*** Data for this exercise ***

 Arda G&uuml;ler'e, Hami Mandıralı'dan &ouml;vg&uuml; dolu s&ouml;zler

*** End of Data for this exercise ***
*** Data for this exercise ***

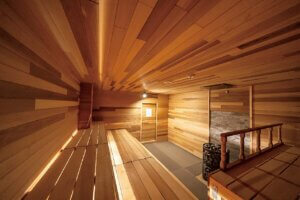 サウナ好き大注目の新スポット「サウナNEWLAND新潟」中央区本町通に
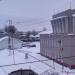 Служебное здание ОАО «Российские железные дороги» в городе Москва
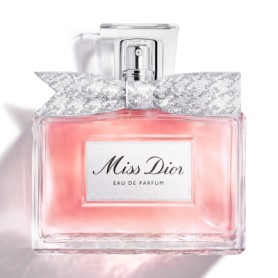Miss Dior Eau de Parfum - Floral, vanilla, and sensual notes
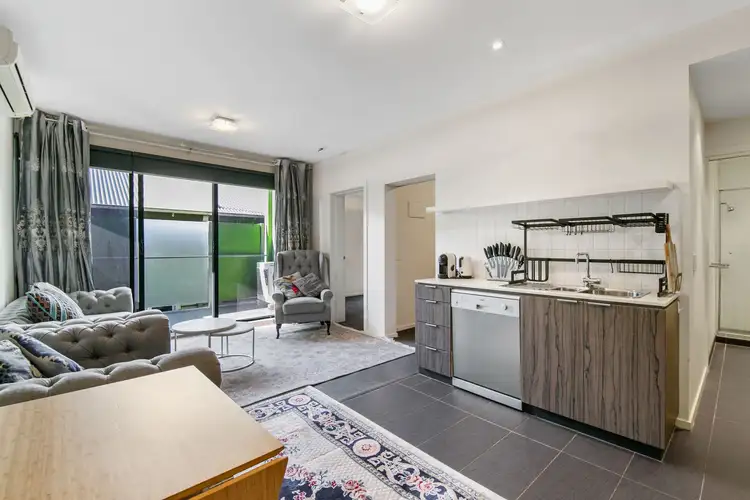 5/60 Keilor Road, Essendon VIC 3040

*** End of Data for this exercise ***
*** Data for this exercise ***

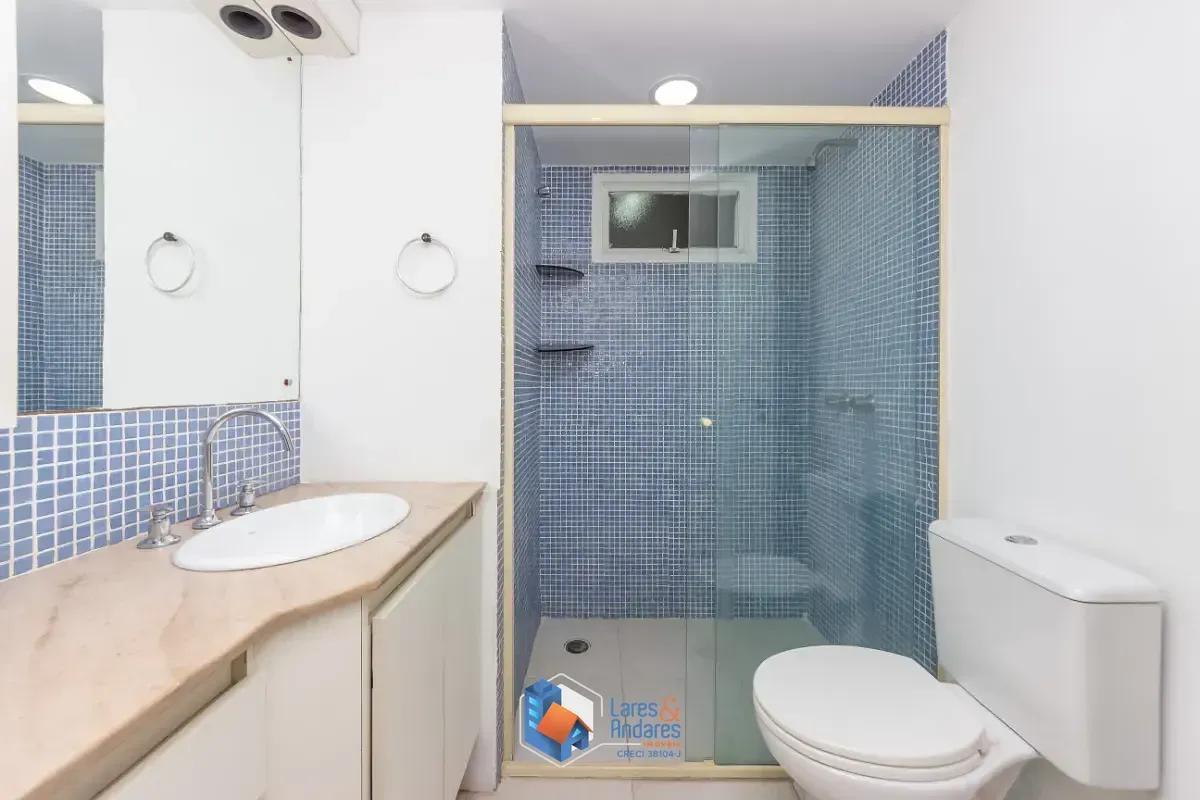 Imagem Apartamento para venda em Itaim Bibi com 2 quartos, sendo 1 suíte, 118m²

*** End of Data for this exercise ***

## Assigned task
Only one stretch of the listing is wanted: the lines starting at the one with "Служебное здание ОАО" and ending at the one with "5/60 Keilor Road, Essendon VIC 3040", copied exactly and free of pictures.

## Response area
 Служебное здание ОАО «Российские железные дороги» в городе Москва
Miss Dior Eau de Parfum - Floral, vanilla, and sensual notes
 5/60 Keilor Road, Essendon VIC 3040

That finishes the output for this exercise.